В июне 1798 года Его Величество в сопровождении великого князя Александра, великого князя Константина и своей свиты приехал в Москву с новым официальным визитом. Отличным поводом для поездки стал довод о необходимости повысить свой престиж в глазах подданных, который так тешил его самолюбие, а также желание встретиться с молодой девушкой, достигнувшей расцвета своей юности, достоинства которой ему так старался превознести Кутайсов. На этот раз приветственные возгласы при въезде царя в город звучали так громко, что удовлетворенный Павел тем же вечером, прохаживаясь по своему рабочему кабинету, сказал Кутайсову:
«– Как было отрадно моему сердцу! Московский народ любит меня гораздо более, чем петербургский; мне кажется, что там теперь гораздо более боятся, чем меня любят.
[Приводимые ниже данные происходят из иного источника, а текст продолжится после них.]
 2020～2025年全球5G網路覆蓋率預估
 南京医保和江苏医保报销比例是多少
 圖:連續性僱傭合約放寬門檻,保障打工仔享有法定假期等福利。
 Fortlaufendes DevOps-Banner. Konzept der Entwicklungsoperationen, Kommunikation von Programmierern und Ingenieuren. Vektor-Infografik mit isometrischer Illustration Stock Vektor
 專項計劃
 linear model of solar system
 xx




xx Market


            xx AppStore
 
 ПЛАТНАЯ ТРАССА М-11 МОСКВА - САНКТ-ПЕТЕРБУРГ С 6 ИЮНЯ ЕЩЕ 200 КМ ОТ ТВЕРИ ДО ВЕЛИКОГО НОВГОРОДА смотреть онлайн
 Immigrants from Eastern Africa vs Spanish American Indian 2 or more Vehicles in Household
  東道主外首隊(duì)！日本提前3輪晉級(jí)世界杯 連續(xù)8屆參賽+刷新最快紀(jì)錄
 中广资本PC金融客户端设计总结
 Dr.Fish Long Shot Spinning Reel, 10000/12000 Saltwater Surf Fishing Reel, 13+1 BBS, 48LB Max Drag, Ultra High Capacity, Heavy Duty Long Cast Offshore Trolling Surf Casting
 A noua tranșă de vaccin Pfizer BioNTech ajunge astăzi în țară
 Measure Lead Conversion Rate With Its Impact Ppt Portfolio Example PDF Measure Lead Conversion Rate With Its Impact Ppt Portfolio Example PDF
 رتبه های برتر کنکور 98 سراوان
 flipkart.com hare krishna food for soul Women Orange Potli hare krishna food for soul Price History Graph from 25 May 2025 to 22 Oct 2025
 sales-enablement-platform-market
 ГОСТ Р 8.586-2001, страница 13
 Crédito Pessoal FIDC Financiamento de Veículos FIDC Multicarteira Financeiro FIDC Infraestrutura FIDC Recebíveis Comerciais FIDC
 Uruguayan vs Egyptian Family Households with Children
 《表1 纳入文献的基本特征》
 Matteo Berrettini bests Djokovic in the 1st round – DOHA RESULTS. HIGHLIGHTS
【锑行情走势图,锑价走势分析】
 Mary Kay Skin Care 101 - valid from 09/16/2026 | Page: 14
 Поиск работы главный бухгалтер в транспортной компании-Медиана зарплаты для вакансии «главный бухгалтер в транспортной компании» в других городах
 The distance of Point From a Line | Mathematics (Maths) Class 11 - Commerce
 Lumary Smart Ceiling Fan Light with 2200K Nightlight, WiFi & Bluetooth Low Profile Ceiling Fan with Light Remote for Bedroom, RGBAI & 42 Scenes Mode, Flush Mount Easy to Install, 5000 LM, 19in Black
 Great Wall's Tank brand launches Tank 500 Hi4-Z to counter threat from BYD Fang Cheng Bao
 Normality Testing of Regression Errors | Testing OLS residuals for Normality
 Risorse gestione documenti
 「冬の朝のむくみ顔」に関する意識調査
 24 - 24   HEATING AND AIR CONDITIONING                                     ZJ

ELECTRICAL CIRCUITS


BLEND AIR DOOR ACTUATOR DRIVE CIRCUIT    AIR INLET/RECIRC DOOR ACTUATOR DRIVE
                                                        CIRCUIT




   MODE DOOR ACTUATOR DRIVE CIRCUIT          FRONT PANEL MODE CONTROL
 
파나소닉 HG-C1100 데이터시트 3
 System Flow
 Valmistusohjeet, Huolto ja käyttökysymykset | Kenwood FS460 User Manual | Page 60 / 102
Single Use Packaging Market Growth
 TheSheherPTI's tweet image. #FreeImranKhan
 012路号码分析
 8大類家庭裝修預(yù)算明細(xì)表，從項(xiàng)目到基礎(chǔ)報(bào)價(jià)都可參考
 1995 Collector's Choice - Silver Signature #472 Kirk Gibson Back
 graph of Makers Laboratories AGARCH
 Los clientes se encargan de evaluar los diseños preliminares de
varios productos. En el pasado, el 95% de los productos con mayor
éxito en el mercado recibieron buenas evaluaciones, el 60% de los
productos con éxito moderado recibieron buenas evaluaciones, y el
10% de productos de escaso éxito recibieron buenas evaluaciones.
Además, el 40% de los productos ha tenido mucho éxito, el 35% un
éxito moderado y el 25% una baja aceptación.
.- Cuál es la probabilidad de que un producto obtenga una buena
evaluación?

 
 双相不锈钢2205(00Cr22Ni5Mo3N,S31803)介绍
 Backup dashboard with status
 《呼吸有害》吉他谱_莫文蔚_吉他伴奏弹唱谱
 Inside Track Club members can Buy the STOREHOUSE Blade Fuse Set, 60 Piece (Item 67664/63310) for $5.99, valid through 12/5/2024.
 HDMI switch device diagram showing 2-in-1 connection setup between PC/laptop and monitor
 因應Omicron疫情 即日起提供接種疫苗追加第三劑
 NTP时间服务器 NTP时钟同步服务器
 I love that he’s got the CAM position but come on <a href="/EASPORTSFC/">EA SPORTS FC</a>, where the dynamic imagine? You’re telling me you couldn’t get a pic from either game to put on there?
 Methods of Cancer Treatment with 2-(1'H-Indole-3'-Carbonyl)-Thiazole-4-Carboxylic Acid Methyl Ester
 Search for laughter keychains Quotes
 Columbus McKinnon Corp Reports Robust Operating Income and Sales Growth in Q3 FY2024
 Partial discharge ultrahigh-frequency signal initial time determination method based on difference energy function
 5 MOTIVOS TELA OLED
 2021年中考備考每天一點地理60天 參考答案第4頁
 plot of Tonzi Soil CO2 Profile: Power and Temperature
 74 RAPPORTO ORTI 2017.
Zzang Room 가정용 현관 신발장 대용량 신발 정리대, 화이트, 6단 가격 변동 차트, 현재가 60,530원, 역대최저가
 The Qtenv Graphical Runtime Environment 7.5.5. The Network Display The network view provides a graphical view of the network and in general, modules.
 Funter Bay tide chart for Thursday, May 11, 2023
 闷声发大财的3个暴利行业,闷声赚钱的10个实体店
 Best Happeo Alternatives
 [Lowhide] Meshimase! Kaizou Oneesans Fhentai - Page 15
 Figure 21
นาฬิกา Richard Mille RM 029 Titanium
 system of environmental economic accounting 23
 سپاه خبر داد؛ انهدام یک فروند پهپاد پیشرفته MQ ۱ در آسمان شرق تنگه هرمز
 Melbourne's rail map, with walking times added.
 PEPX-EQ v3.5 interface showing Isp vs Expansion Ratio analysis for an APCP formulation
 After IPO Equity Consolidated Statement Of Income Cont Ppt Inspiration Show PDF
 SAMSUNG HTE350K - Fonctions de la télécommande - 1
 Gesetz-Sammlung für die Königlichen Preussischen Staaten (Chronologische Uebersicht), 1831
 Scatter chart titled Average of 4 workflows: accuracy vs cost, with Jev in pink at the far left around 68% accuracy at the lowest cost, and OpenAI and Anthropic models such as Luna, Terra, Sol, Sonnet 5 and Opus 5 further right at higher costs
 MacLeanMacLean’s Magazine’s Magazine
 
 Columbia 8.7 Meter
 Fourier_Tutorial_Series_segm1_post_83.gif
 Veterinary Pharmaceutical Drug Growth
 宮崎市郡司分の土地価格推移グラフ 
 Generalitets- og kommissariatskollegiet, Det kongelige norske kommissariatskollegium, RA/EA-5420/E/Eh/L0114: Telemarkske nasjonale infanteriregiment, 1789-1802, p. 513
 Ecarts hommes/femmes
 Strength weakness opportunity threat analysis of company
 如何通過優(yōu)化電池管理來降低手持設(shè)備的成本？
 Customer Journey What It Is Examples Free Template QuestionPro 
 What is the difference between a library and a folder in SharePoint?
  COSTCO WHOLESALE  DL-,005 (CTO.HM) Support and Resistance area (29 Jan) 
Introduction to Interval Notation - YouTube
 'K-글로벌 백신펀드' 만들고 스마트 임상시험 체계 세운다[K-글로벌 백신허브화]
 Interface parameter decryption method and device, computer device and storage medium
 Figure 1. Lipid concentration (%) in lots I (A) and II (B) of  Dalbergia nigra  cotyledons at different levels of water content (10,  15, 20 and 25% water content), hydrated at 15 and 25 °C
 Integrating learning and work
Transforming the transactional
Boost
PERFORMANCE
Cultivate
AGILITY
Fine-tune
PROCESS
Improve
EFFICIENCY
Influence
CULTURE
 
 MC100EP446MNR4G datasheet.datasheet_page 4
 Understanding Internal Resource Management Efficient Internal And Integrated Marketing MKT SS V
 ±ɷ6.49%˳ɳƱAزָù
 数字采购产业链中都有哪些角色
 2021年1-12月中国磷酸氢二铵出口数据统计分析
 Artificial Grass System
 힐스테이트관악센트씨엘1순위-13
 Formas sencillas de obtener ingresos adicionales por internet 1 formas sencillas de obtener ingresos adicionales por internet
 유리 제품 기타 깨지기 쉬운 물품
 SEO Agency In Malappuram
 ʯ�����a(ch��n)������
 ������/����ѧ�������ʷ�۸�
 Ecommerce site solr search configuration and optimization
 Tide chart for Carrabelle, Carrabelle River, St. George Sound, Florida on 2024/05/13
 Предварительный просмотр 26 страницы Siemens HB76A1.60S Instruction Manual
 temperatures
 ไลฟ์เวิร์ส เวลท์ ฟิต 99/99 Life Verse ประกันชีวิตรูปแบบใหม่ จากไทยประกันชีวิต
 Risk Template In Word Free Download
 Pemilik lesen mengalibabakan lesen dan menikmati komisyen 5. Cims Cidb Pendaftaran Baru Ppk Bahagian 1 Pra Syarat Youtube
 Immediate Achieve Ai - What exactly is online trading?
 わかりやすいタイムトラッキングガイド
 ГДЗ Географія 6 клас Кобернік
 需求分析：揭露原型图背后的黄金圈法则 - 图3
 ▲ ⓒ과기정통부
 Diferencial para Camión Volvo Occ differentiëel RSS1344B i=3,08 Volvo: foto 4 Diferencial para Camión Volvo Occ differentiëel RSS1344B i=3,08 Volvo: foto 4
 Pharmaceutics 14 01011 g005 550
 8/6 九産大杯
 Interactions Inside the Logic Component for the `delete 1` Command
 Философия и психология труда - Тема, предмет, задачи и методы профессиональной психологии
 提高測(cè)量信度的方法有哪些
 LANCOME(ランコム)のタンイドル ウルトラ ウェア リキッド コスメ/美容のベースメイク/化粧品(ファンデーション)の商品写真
– Это нисколько не удивляет меня, Ваше Величество! – поддакивал лукавый фактотум.
– Почему же?
– Не смею объяснить.
– Тогда приказываю тебе это.
– Обещайте мне, государь, никому не передавать этого.
– Обещаю.
– Государь, дело в том, что здесь вас видят таким, какой вы есть действительно, – благим, великодушным, чувствительным; между тем как в Петербурге, если вы оказываете какую-либо милость, то говорят, что это или государыня, или госпожа Нелидова, или Куракины выпросили ее у вас, так что когда вы делаете добро, то это – они, ежели же когда покарают, то это вы покараете!»
Павел нахмурился, поразмышлял и пробормотал:
«– Значит, говорят, что […] я даю управлять собою?
– Так точно, государь, – не колеблясь, отвечал Кутайсов.
– Ну, хорошо же, я покажу, как мною управляют!»[27] – воскликнул император и направился в свой кабинет, чтобы составить несколько карающих указов. Но Кутайсов отговорил его от этого, умоляя не вскрывать нарыв до того, как он созреет.